Be a Marilyn
I am a difficult woman - or so the weaklings tell me. Growing up, I was always taught that education comes first, then marriage and if I’m lucky, a career. Most important of all - of course marry for love - but marry a man with means.
“Women are either a Jackie or a Marilyn.”
Jackie was poised and elegant.If she were to get an academy award, then it would be for Best Supporting Wife. She ignored JFK’s many flings and put up with his family, who treated her as a no good outsider. She kept to the shadows and only focused on dressing well and making a good public appearance. She was dutiful, submissive and obedient.
“Women should strive to be like Jackie.”
That is what women are told even now. Just look at the movies. How many “ride-or-die” characters are expected to be women? How many movies praise a woman who “stands by her man” even though he likely abuses drugs, verbally assaults her and gives her a few hits. It’s just a few! They’re meant to be a couple - she just needs to fix him!
Life gives women enough projects and we don’t need another. But now, look at how few movies and shows depict a supporting man. A man who supports a woman is called a “simp” and other derogatory terms because even in 2020, a woman is still less.
She earns less. She’s worth less. She’s praised less.
Norma Jean Baker was nothing special. She married her first husband to get out of the foster care system. In true Hollywood fairytale fashion, she was “discovered.” She already had the body so she simply dyed her hair, assumed a new name and created her now famous “bimbo” personality. She was born in a time when women had to use what they had to get ahead. In this case, it was Marilyn’s sexuality.
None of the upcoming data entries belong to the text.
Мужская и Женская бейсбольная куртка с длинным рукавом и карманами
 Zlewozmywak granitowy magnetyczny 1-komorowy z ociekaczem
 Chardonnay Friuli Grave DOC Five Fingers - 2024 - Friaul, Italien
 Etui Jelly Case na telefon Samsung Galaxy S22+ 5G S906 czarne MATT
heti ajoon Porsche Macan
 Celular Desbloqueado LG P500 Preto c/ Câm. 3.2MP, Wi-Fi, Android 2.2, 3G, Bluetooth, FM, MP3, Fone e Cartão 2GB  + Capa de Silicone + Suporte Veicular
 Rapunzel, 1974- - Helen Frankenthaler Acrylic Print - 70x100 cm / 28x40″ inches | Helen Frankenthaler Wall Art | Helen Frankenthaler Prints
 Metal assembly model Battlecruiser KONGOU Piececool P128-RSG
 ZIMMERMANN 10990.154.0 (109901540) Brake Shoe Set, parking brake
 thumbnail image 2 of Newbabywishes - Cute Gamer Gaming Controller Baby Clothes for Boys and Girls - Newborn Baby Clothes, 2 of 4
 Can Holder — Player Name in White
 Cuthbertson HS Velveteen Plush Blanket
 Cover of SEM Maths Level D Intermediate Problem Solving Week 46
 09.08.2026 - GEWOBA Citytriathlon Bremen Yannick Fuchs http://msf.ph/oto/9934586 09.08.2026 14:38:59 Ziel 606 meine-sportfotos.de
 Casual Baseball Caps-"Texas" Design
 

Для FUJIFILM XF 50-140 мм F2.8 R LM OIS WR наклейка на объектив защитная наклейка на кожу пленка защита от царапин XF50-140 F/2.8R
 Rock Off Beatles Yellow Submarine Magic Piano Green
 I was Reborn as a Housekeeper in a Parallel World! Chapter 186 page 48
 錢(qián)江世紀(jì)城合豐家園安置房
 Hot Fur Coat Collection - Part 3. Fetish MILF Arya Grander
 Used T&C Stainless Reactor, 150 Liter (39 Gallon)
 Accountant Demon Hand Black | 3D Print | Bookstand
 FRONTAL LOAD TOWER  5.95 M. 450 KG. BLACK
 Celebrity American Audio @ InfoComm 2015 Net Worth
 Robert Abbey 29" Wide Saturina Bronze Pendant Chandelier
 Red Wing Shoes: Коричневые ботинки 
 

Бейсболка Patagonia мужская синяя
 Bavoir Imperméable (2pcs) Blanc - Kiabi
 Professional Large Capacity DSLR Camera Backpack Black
Go ahead. Judge her. Many of you do while you ignore the benefits we have in 2020 that she had no access to. You think they had #metoo in 1955? Women were expected to sleep with producers and directors for money. Marilyn just bet on all the right horses and catapulted her name to international stardom.
YET.
Marilyn was no one’s supporting actress. She married the most famous baseball player in the world and yet the press emblazoned her name on the papers first. DiMaggio might as well have been Mr. Monroe.
She was the Best Actress of her own life. She eclipsed anyone who stood next to her and now, almost 60 years later we still refer to her as a sex symbol. Her movies still sell well and her face appears in paintings, tattoos and on other various merchandise. She has long been in the ground but we still remember her.
So be a Marilyn and let everyone else be a Jackie.